Record extracts:
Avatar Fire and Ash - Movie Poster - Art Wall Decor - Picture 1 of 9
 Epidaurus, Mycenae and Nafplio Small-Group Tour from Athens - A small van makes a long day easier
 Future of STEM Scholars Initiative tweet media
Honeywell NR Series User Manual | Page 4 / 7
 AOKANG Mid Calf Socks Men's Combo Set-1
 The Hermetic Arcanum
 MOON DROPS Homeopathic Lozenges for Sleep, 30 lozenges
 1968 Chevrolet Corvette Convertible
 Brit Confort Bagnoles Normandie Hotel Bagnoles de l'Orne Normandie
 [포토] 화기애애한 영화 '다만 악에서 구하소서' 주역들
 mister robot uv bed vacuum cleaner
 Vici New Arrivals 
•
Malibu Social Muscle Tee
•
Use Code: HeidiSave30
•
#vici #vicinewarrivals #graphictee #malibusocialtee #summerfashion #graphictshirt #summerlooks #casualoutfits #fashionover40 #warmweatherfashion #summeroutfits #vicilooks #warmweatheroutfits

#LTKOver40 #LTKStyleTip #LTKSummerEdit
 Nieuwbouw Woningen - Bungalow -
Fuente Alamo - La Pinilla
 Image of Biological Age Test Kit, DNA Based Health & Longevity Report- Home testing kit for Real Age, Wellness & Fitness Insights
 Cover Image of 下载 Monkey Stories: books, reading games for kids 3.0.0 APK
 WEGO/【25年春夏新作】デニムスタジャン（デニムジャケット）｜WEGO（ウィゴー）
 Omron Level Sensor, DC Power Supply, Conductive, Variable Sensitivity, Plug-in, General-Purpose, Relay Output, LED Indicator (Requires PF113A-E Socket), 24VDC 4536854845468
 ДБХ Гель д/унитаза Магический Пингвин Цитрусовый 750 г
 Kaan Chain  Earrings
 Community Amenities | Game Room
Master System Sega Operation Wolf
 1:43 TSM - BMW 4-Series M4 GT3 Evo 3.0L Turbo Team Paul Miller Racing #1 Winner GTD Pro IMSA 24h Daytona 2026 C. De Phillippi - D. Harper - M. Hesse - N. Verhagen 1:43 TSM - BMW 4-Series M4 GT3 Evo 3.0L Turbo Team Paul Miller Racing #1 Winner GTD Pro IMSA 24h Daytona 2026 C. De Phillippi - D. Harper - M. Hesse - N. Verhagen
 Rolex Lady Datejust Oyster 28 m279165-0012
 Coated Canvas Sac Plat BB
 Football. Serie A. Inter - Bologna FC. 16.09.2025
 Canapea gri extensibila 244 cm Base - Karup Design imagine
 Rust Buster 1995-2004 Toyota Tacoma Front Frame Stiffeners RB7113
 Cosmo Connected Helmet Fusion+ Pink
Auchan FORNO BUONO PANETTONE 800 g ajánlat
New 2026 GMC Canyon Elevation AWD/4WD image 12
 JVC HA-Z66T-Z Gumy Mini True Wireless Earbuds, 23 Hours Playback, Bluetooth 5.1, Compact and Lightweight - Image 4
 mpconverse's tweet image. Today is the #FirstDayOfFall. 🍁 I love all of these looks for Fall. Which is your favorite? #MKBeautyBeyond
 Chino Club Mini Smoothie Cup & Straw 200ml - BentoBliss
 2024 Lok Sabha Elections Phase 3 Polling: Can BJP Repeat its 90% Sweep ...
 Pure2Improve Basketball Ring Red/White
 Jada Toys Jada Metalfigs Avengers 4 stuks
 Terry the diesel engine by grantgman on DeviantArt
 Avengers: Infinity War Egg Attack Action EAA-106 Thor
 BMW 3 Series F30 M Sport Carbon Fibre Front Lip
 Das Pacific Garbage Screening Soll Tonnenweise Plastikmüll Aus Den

Work required: Give back the records word for word. Start at the first line, end at the line containing "Master System Sega Operation Wolf", and include both.

Your solution:
Avatar Fire and Ash - Movie Poster - Art Wall Decor - Picture 1 of 9
 Epidaurus, Mycenae and Nafplio Small-Group Tour from Athens - A small van makes a long day easier
 Future of STEM Scholars Initiative tweet media
Honeywell NR Series User Manual | Page 4 / 7
 AOKANG Mid Calf Socks Men's Combo Set-1
 The Hermetic Arcanum
 MOON DROPS Homeopathic Lozenges for Sleep, 30 lozenges
 1968 Chevrolet Corvette Convertible
 Brit Confort Bagnoles Normandie Hotel Bagnoles de l'Orne Normandie
 [포토] 화기애애한 영화 '다만 악에서 구하소서' 주역들
 mister robot uv bed vacuum cleaner
 Vici New Arrivals 
•
Malibu Social Muscle Tee
•
Use Code: HeidiSave30
•
#vici #vicinewarrivals #graphictee #malibusocialtee #summerfashion #graphictshirt #summerlooks #casualoutfits #fashionover40 #warmweatherfashion #summeroutfits #vicilooks #warmweatheroutfits

#LTKOver40 #LTKStyleTip #LTKSummerEdit
 Nieuwbouw Woningen - Bungalow -
Fuente Alamo - La Pinilla
 Image of Biological Age Test Kit, DNA Based Health & Longevity Report- Home testing kit for Real Age, Wellness & Fitness Insights
 Cover Image of 下载 Monkey Stories: books, reading games for kids 3.0.0 APK
 WEGO/【25年春夏新作】デニムスタジャン（デニムジャケット）｜WEGO（ウィゴー）
 Omron Level Sensor, DC Power Supply, Conductive, Variable Sensitivity, Plug-in, General-Purpose, Relay Output, LED Indicator (Requires PF113A-E Socket), 24VDC 4536854845468
 ДБХ Гель д/унитаза Магический Пингвин Цитрусовый 750 г
 Kaan Chain  Earrings
 Community Amenities | Game Room
Master System Sega Operation Wolf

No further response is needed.